“Wouldst rather be with him in thy heaven than with me in Niflheim?” asked the woman, jealously.

“Mind it not, Gyda. He is mine own granther, and he loves me.”

“So do I love thee. It groweth dark, Egwina. Lie closer.”

Egwina crept close to Gyda, and the woman drew her within her arms.

“Shall I not help thee to thy couch, Gyda?”

“Thou canst not, child. What doth it matter where we meet Hela?”

Then there fell a silence. Weakened by the trying days that had preceded, the blow seemed to have robbed the girl of all energy, and soon she fell into a deep sleep.

Suddenly she awakened.

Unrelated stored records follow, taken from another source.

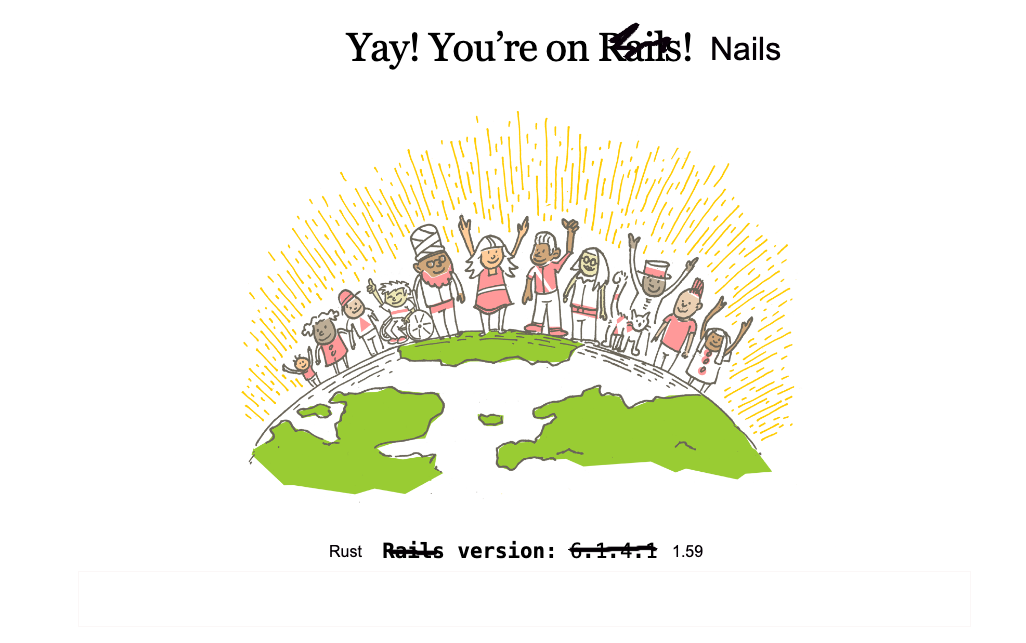 Yay! You're on Nails! screenshot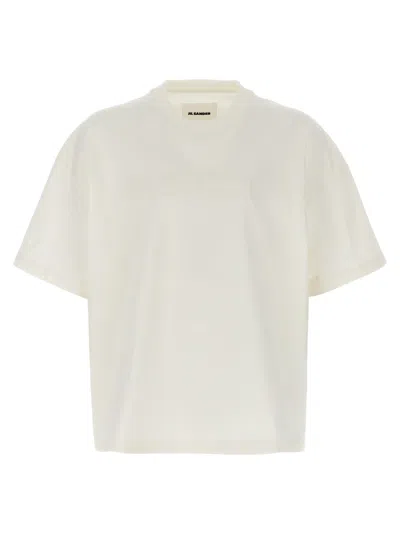 Jil Sander Boxy Fit Cotton Jersey T-shirt In White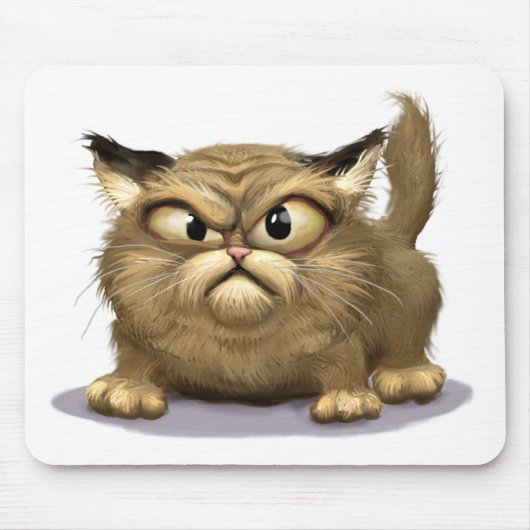 Schlechte Katze Mousepad (Vorne)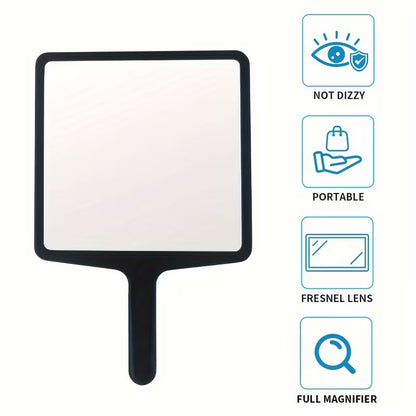 5X Flat Magnifying Glass with Fresnel Lens, Portable Handheld Magnifier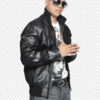 Daddy Yankee SiriusXM Studio Black Leather Bomber Jacket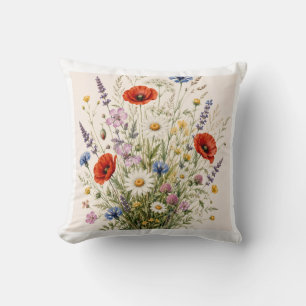 Stay Wild Vintage Wild Herbs Botanical Design Kissen
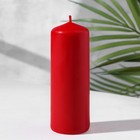 Свеча - цилиндр, 4х12 см, 15 ч. красная - фото 1428372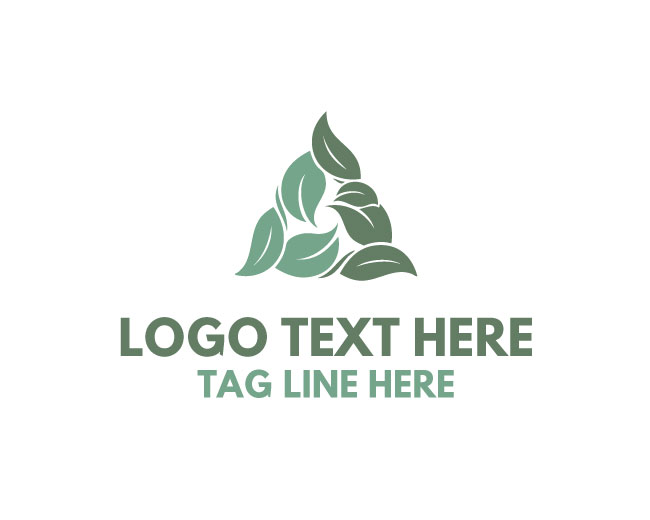 Eco Flow Leaf Logo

The light streamed faintly into the room. Stiff from long lying, she tried to move, but only did so with much difficulty. Raising herself on one arm, she turned toward the figure at her side. Noting how perfectly still Gyda lay, she bent over her and looked into her face. She was dead.

With a scream of horror, Egwina sprang up. At this instant a man and woman, attracted by her cry, entered the room. Egwina took a step toward the woman, then clasping her hands to her head, she reeled and fell an unconscious heap on the floor.

“’Tis a pity that the jade waxeth sick at this time,” a voice broke rudely upon Egwina’s ear one morning as she awoke with the clear light of reason in her eyes. “Here we but get done wailing for the mother, when the daughter must be sick also.”